Winter bookings in Breckenridge looking good, so far
October 8, 2012
Preliminary winter bookings in Breckenridge are pacing ahead of the same time last year, something that gives hope for a busy ski season, but doesn’t fully guarantee a home run.
The holiday period is pacing up; January through mid-February shows increases for the majority of the days. March 16-23 is also ahead of last season’s bookings from the same time last year.
It’s all good news considering that going into the 2011-12 season, the bookings were pretty strong after a great snow year. Heading into this ski season, Summit County is coming off of a pretty weak one.
Part of the strong early bookings is the holidays – people are trying to get those prime units, according to Bill Wishowski, vice president of the Breckenridge Resort Chamber. In January and February, some of it is group-related, but it’s also due to the International Snow Sculpture Championships, which continue to get more and more popular every year, Wishowski said.
The uptick in bookings is good, but the BRC is “still kind of waiting with baited breath to see how things shape up,” he said.
“Last year was very strong going into the season as far as advanced reservations, then going into it, reservation momentum waned because of snow,” said Ralf Garrison, director of the Mountain Travel Research Program, a lodging performance benchmarking organization which compiles its data from property management companies in 16 mountain destination communities across Colorado, Utah, California and Oregon.
Across the board, 2011-12 lodging wasn’t really down that much compared to the season before, but lift ticket sales were.
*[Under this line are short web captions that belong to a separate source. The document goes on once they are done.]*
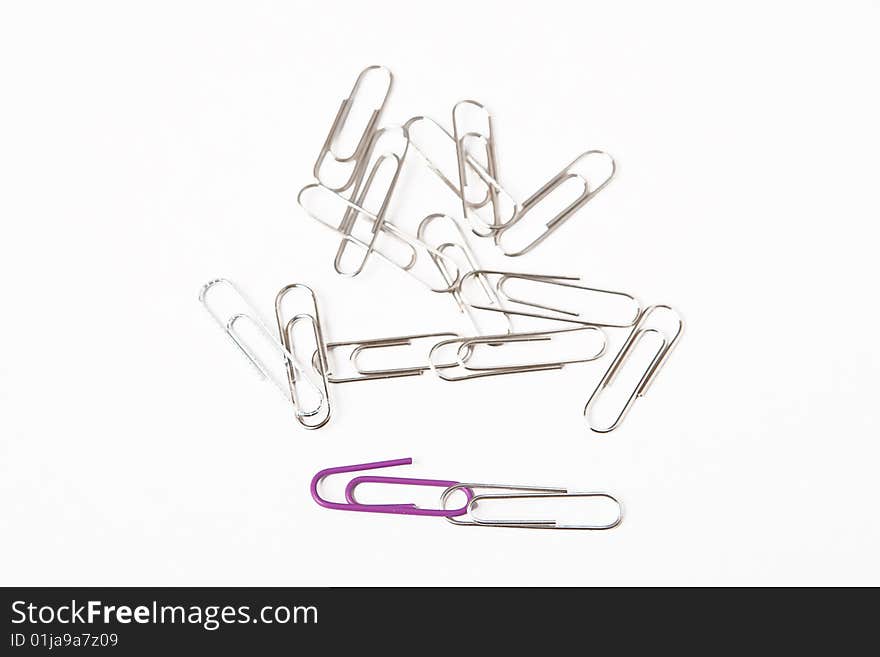 Paperclips on white office desk.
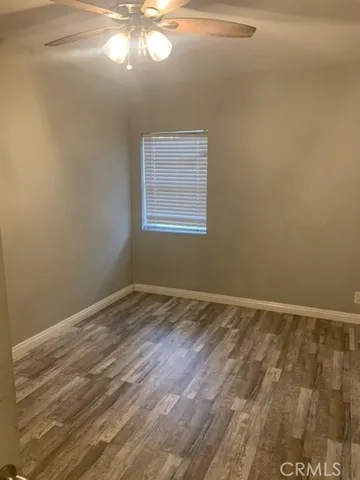 a view of hallway with wooden floor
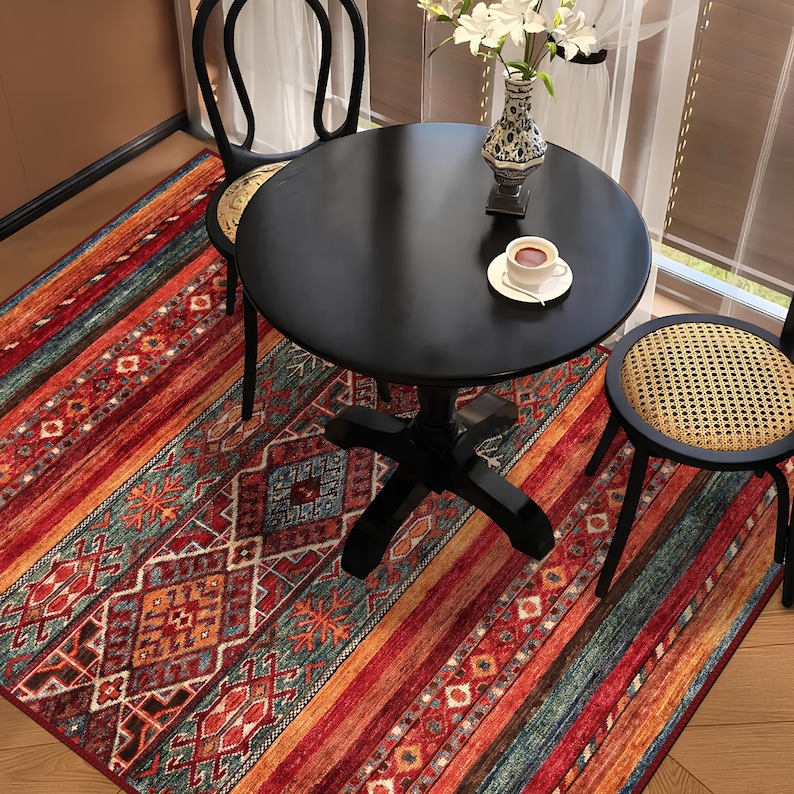 May include: A round black table with two black chairs and a colorful rug. The rug features a geometric pattern with red, orange, and teal stripes. A cup of coffee sits on the table, next to a vase of white flowers.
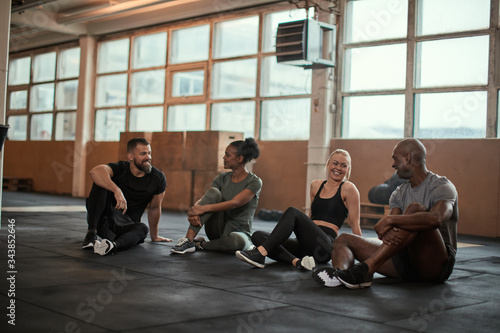 Smiling group of diverse friends talking on a gym floor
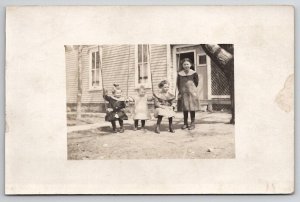 RPPC Edwardian Children On Swings Front Yard House Real Photo Postcard V28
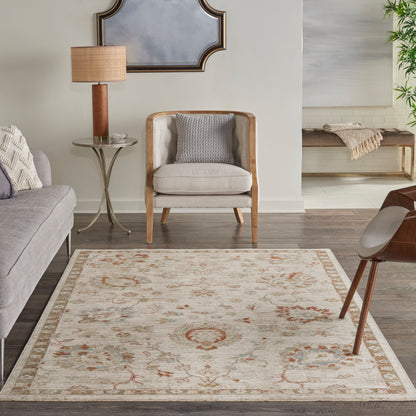 Neutral living room with a light ornate rug, beige upholstered armchair with wooden legs, and a round side table & lamp.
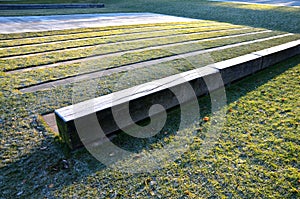 Striped composition in the park. strips of tiles and benches made of solid beams of a prismatic shape equally intersect the orname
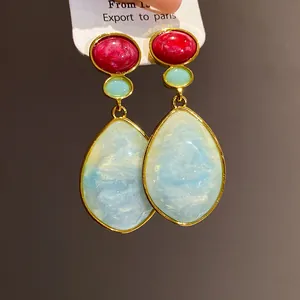 Elegant vintage resin teardrop earrings with blue marble texture and gold-plated frames.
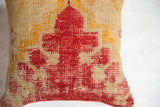 Richly textured weave featuring bold red and gold geometric motifs on the rug fragment pillow.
Visitors already had their hotel reservations, and when they went and didn’t find snow, they just stayed and shopped, which was good for the destinations, Garrison said.
The two wild cards going into this year are the economy and the weather: There’s some uncertainty with the weather because of last year, and while the economy is slowly improving, there’s doubt surrounding the upcoming elections and possible fiscal cliff.
Resorts counter those uncertainties by luring customers in through good deals, and potential visitors place their bets on the destinations with the best reputations, Garrison said.
But, if he could preach to the resorts, he’d tell them that “it’s too early to be overly concerned about weather or economy,” he said. “Given the uncertainty, things are looking pretty good.”